Exmouth town centre named in top ten most vulnerable places in Devon

By Hannah Corfield

29th Jul 2021 | Local News

Exmouth town centre
Exmouth town centre

An urgent £6 million economic recovery programme for Devon is being discussed by county councillors.

The programme would form part of the county council's response to the effects of the coronavirus pandemic, with Exmouth town centre identified as one of the hardest hit areas in the county.

It would provide help and support in four key areas – small and medium enterprises, employment and skills, the green recovery and the hardest hit towns and communities.

Devon's ruling Cabinet will be told next Wednesday that the county's economy has shrunk by eight per cent, unemployment has risen to above six per cent and claims for universal credit have surged.

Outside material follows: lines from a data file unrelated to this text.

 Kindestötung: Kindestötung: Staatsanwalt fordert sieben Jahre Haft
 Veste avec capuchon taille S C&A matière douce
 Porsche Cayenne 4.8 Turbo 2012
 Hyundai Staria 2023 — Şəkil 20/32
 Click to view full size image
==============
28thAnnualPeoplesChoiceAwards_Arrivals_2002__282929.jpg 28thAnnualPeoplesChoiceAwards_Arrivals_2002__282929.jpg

The crisis has had a significant impact in tourism and hospitality, retail, construction and manufacturing with high levels of youth unemployment and rising levels amongst the over 50's.

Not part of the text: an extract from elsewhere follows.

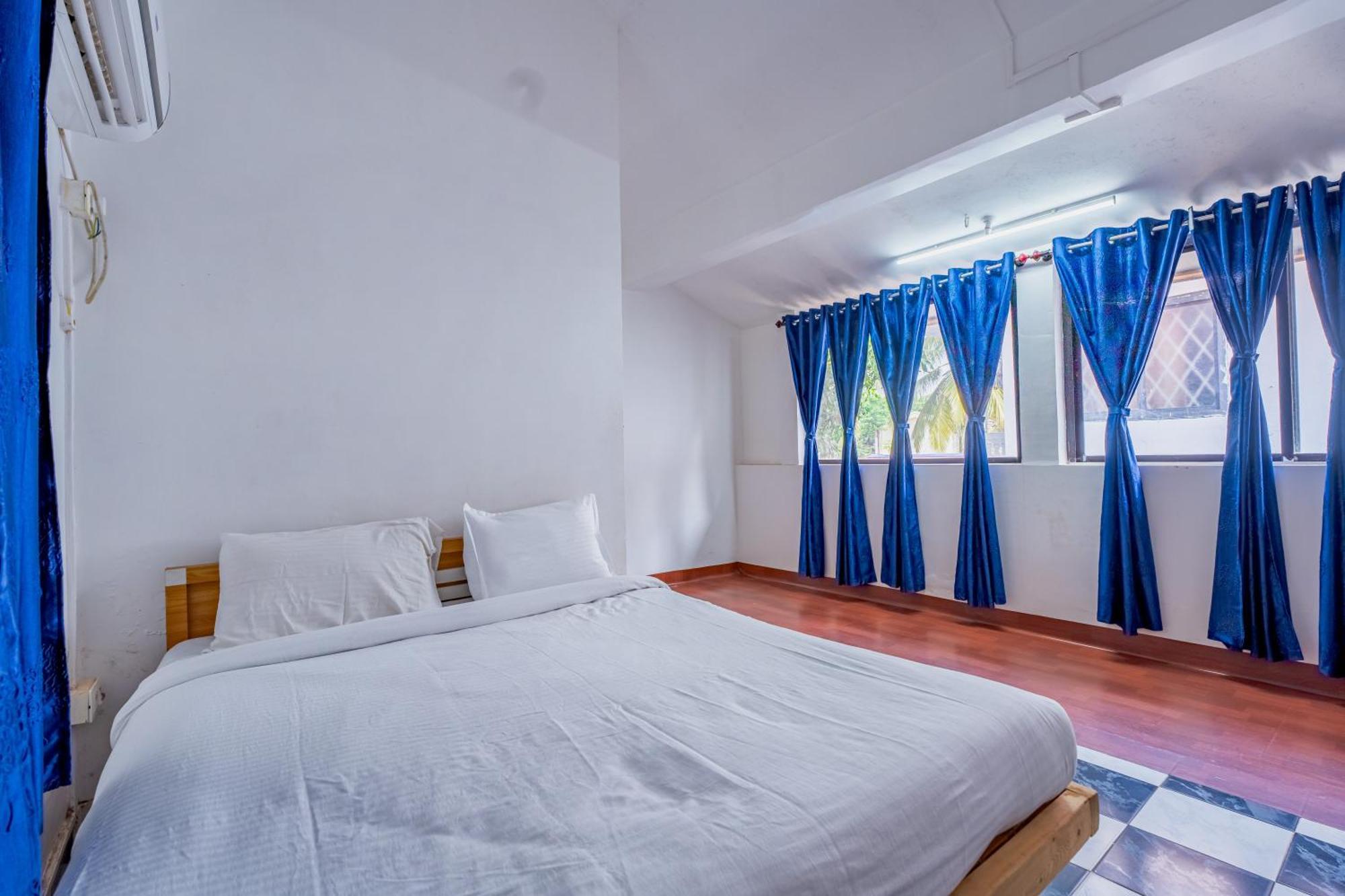 Baga Galaxy Hotel Екстериор снимка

But other sectors, such as digital, health and care and clean growth, are showing signs of healthy recovery and new growth since the downturn.

Councillors will be asked to set aside £6 million over the next three years as part of their budget-setting process. This is in addition to other bids for Government support.

Devon County Council leader John Hart said: "Clearly we are still in a battle with coronavirus as the rising number of cases in Exeter has shown this week. Rates across the rest of Devon remain low and we must all pull together to keep it that way and to keep people healthy and safe.

"But we also have to take urgent steps to address the economic health of our county, our communities and our people and to plan for the future."

Devon's Cabinet member for Economy and Skills, Councillor Rufus Gilbert, said: "This financial investment will support the economic recovery of our hardest hit places, enterprises and individuals.

"Together we can grasp opportunities to build back better, to build a more resilient, inclusive and sustainable economy."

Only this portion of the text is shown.